35 morts
Le héros de
35 morts ne demande pas grand-chose d'autre à la vie que de se partager entre l'amour et le sexe - dont il n'arrive pas à savoir lequel il aime le plus - , d'être d'autant plus sympa avec ses potes que ceux-ci se soucient de lui, et d'adoucir les difficultés avec les bières et la drogue.
"Je ne te crois pas, dis-je quand elle me raconta combien de gens elle avait tués. Moi, je te crois, dit-elle quand je lui racontai combien de femmes m'avaient plaqué. On rit beaucoup."
Un gars plutôt sympa, seulement voilà, il est né en Colombie, un pays où l'on peut dire :
"Tu es devenu vieux sans avoir compris comment fonctionne ce pays. Et comment il fonctionne, pour voir ? Grâce aux morts, vieux, dans ce pays, celui qui n'a pas tué ou fait tuer quelqu'un n'avance pas. Je le regardais, impressionné. Crois-moi, vieux, c'est la mort qui commande, et celui qui ne tue pas ou qui ne fait pas tuer, il n'est personne, il ne vaut rien."
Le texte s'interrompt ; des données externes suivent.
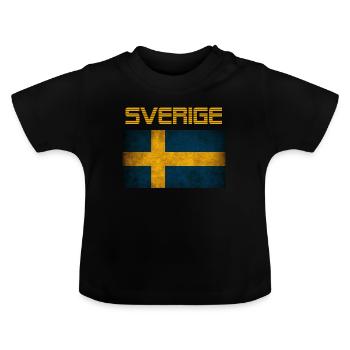 Swede Sweden Swedish gift Swedish flag - Baby Organic T-Shirt with Round Neck - black - Front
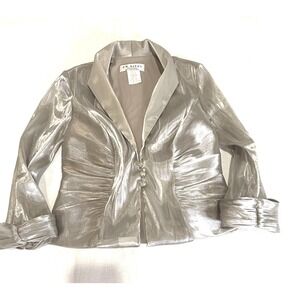 VTG JR Nites Petites Gold Metallic Ruched Evening Jacket Rhinestone Button 10P
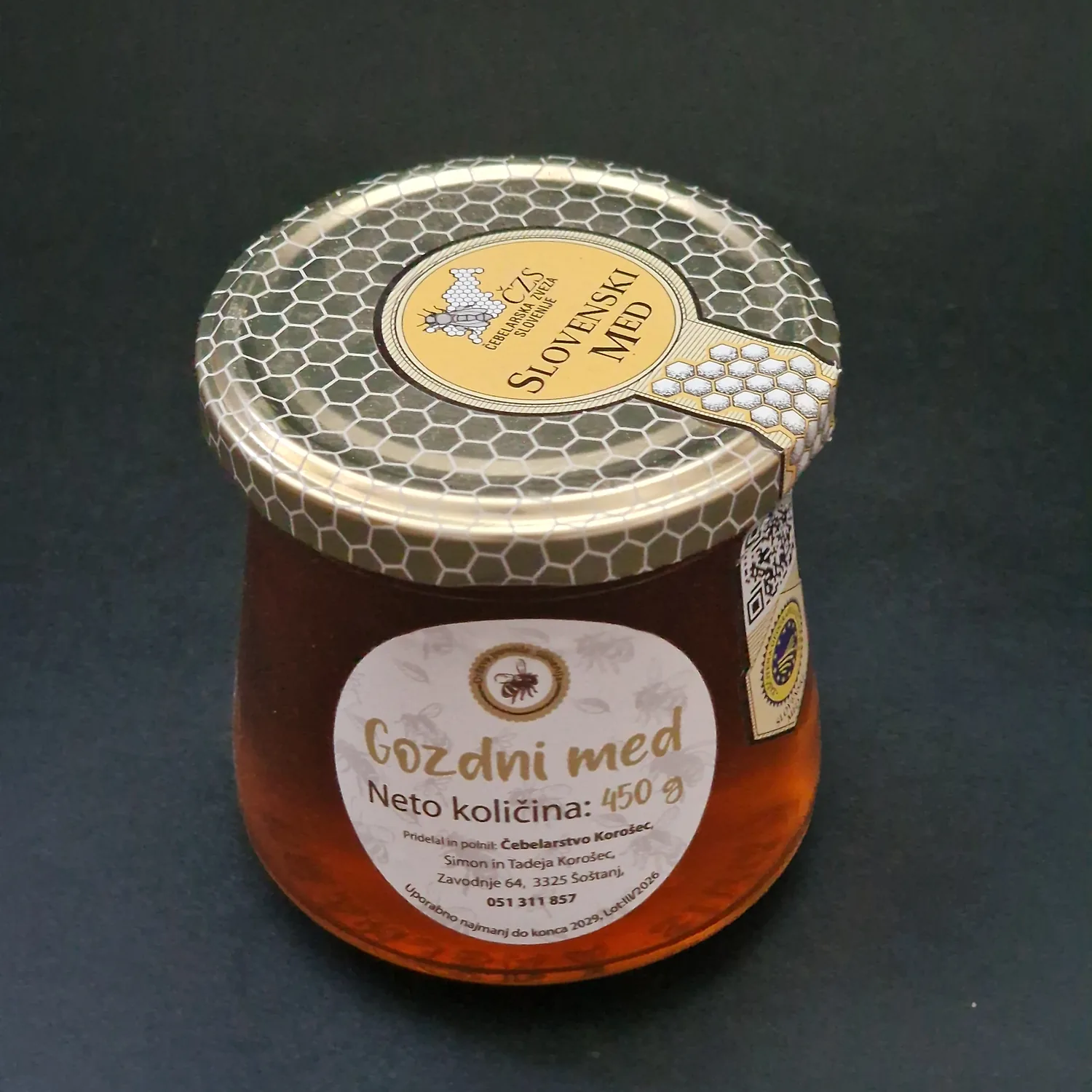 Kozarec slovenskega gozdnega medu 450 g z oznako Slovenski med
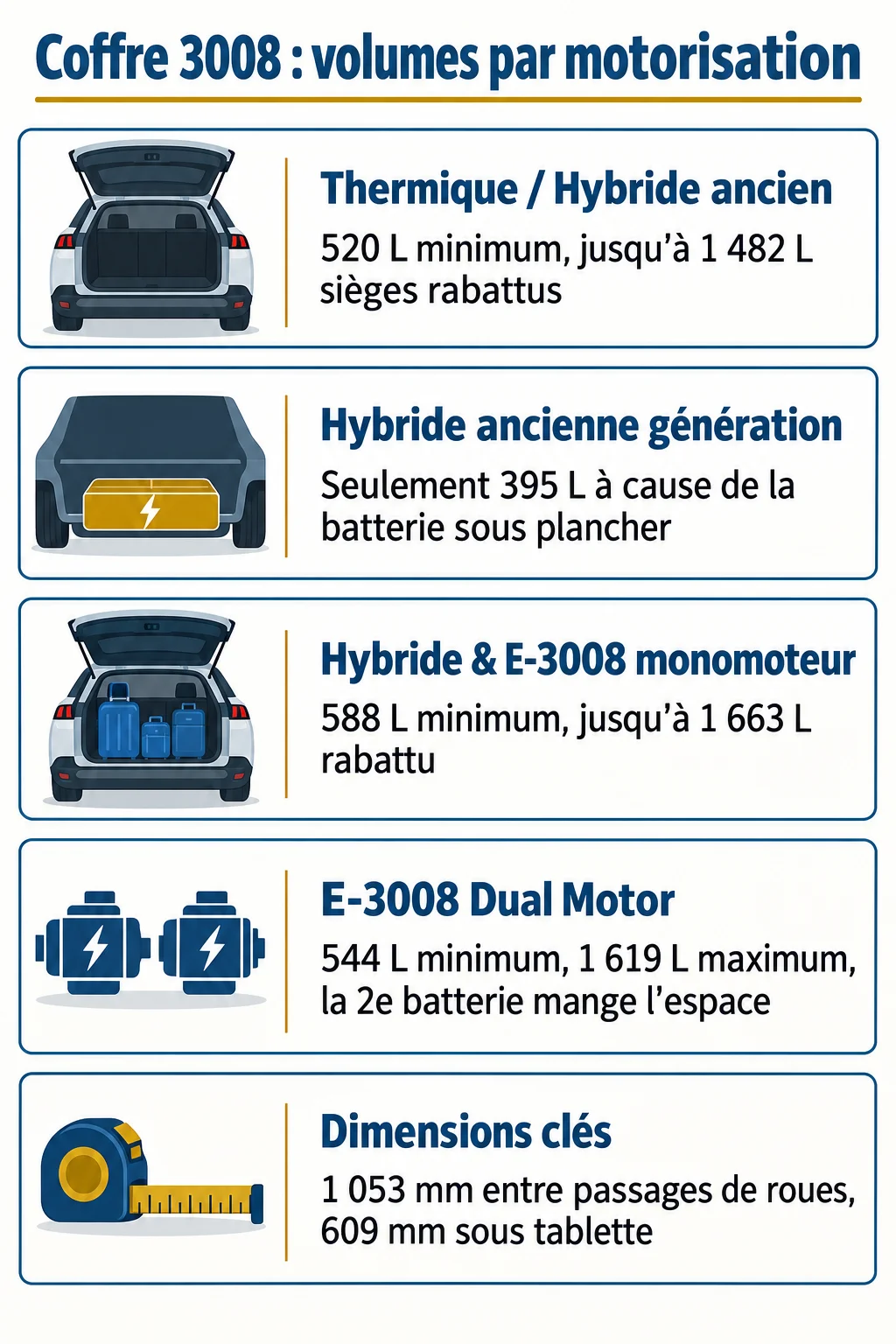 Coffre 3008 : volumes par motorisation : Thermique / Hybride ancien, Hybride ancienne génération, Hybride & E-3008 monomoteur, E-3008 Dual Motor, Dimensions clés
La Colombie, où on n'a guère le choix que de flirter avec la révolution, les militaires, les narcotrafiquants, de pratiquer la violence, les arnaques et la corruption. Un pays où les poings et les armes sont les vrais outils de communication.
Et où il ne reste donc pas beaucoup d'autres solutions que de jouir à fond de l'instant, pour mieux pleurer quand le bonheur vous est ravi – on pleure beaucoup dans ce livre, les filles, les copains, les puissants, les méchants, tous sont de gros sentimentaux fleur-bleus.
À côté, il y a plein d'autres petites histoires, d'autres trajectoires de vie, d'autres destins ballottés par la violence, qui alternent avec le principal, tous à la première personne du singulier, des personnes qu'on identifie ou qu'on n'identifie pas, qui interfèrent avec l'histoire principale ou pas, comme autant de nouvelles coup-de-poing enchâssées dans le récit.
Au sein de ces petites séquences à l'alternance rapide, toutes annoncées par une phrase d'une chanson populaire, le style trouve une singularité qui captive, en ne s'autorisant aucun paragraphe, aucun alinéa, aucun retour à la ligne, y compris dans les dialogues, tout s'enchaîne sans pause pour une impression de rapidité, de dévastation, de naturel haletant : le lecteur est emporté et submergé : la violence, le monde et la vie qui grouillent, l'impasse existentielle...
35 morts est le roman brillant et palpitant d'un personnage attachant, de son destin déterminé par un lieu de naissance aimé et honni tout à la fois, pris en otage par on ne sait qui, des politiques, des décideurs, des bandits, des riches, des filous qui ont réussi à annihiler les espoirs d'un peuple tout entier, à le faire renoncer au bonheur et à la sérénité, à le faire toujours courir, toujours cacher sa peur, toujours grappiller son plaisir au plus vite. Un peuple romantique et désespéré qui ne renonce pas à vivre mais n'en finit pas de pleurer.